My Linux Job Scheduler

History

The job scheduler I wrote as cron didn't provide me with what I needed, such as job completion dependancy support, file arrival watchers, remote management etc. As well as all that it provides functional user roles for granular security. Ok I wrote it for myself and my needs, but I have been using this for over twenty years now (first used on Fedora Core 3) and the needed 'tweaks' for improvement stopped quite a few years ago, so it's probably usefull to others.

A list of the key features it provides is further down this page. While this page also covers the web interfaces it is probably worth pointing out you would really only install those onto one or two servers and use those to manage all the others, and mention that you may not need them at all as the command line interface running on a server is able to connect to a scheduler on any of the other servers also (firewall rules permitting) if you want to script your own management tools.

I do still make changes or 'tweaks' as needed (such as a real bug to be fixed in Nov 2022) so if you use this you should check back occasionally.

Requirements

A key design decision made with this was that it must be standalone, no dependencies on any SQL database servers, so it uses flat files as it's databases; so if you get upward of 100 jobs it may take a performance hit, but it's batch so who cares. That decision allows it to be deployed to low performance servers without the need for database software to be deployed as well.
As such there are no database dependencies.

There are compiler dependencies, this must be complied using either GCC V3.4.2 or below, or preferably GCC V4.5.1 and any higher version. While it will compile cleanly with the versions in the middle it will just segfault so if compiling from source use a supported GCC version.

Download and Documentation

While in order to get any up-to-date fixes/changes you should download and compile the latest source code from github; there are also install packages (that will not always be the latest version) for RHEL (all packages) and Debian (just the scheduler) sytems available from here.

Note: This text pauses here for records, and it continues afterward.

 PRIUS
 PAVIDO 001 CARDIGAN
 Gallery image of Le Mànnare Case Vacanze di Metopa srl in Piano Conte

The application source and latest documentation is now hosted on github and not available for download directly from here. To see the application files individually the URL is https://github.com/MarkDickinson/scheduler. To install from github, ensure you have git installed and

          cd yourdir
          mkdir scheduler
          cd scheduler
          git init
          git clone https://github.com/MarkDickinson/scheduler.git

After the repository has downloaded just follow the installation instructions. The git pull will also retrieve all the manuals (in opendocument format) plus the man pages.

If you are not interested in the hard manual labour of installing from source, for RHEL based systems I have packaged RPMs for Fedora33-35 and CentOS8/Rocky/Alma(el8) that will install all the components and get it up and running with virtually zero effort.

As I am moving some of my servers to Debian now the job scheduler component itself has also been packages as a .deb file marks_job_scheduler-1.20_amd64.deb which will install the basic job scheduler and service. When uninstalling with 'dpkg -r' it will leave behind directory /opt/dickinson/scheduler that you may want to manually remove; this is because the uninstall runs as part of any package upgrade and I don't want to delete any jobs and schedules you may have created there during an upgrade.

Unsupported Documentation

The latest documentation is always at githup. As that is in opendocument format I keep some copies of those documents in PDF format here; but they are not guaranteed to be up to date as I only refresh these PDF copies after major changes.

jobsched_cmd user guide
Job Scheduler Server Configuration Manual which is the installation/admin guide
Job Scheduler Security Guide which has recomeded security settings
the 100+ page Job Scheduler Messages Manual
And also the miscellaneous utilites manual
Old (really out of date, about 2004) versions of the scheduler manuals are online (they need javascript enabled). Only retained because I spent so much effort creating them, before I them decided PDF was the way go go and created the opendocument format files now on github
Known bugs: Known bugs are now recorded in the KNOWN_ISSUES document in the github repository.

Key functionality provided

The key features of this application are...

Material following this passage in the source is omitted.